It thinks "false" is two syllables, which seems to be just a dictionary problem. For something like this, those need to be very diligently squashed if you plan to make something commercial out of it.

The editor is way too small - this is a really simple fix.

Finally, I'm not sure why this is all in PHP - it seems like this would be much easier to use self-hosted or otherwise packaged if it was client-side only PHP and Javascript. It doesn't look like the program does anything which couldn't be done that way trivially - please correct me if I'm wrong.

In other respects, this is pretty basic, but very well-done, particularly for a hackathon project. Nicely done!

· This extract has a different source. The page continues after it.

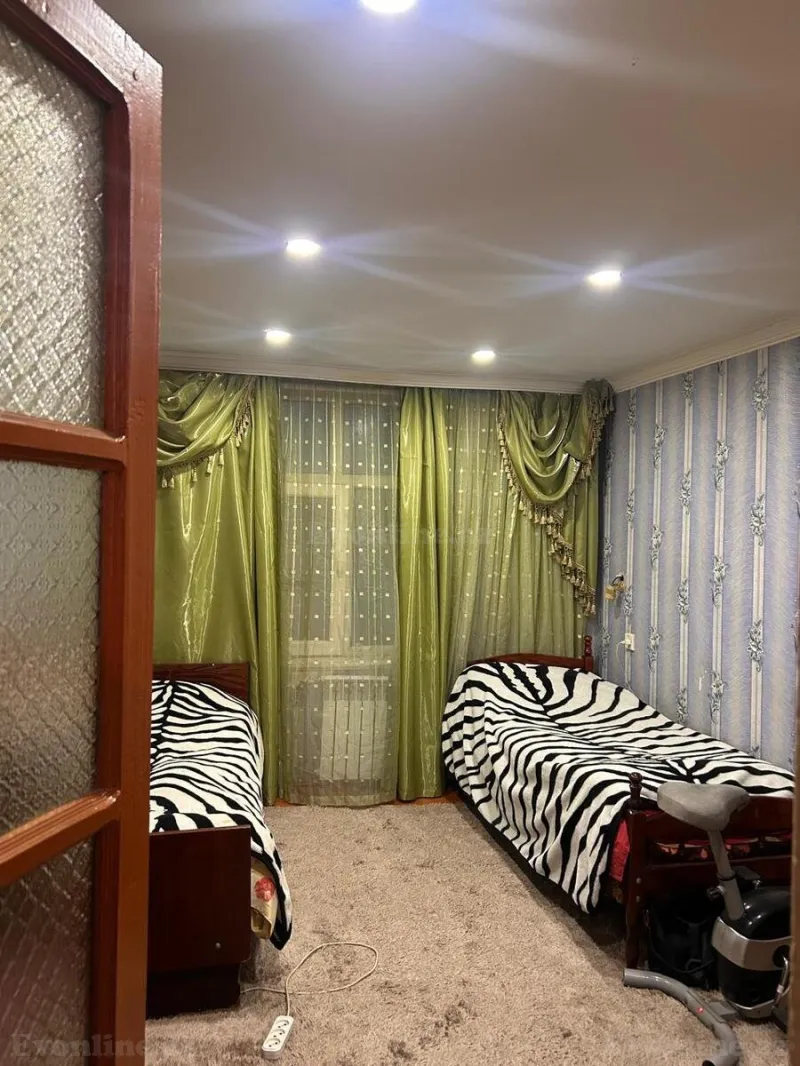 Satılır 3 otaqlı Mənzil Köhnə tikili 75 m² Nəriman Nərimanov m. - şəkil 4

1.) Yeah, there're still some bugs that we need to work out. We also need to come up with a more scalable solution of finding rhymes if we go commercial.

2.) Yeah, you're right. We just wanted something that would look good on the projector during our demo. This needs to be tweaked.

3.) You're right for the most part. We didn't really know how we'd be implementing it at the beginning. We thought we'd need to do a lot of heavy server-side processing (which turned out to be a false assumption). We do want to add the ability for users to exist and have poems saved under their account that they can share and stuff though.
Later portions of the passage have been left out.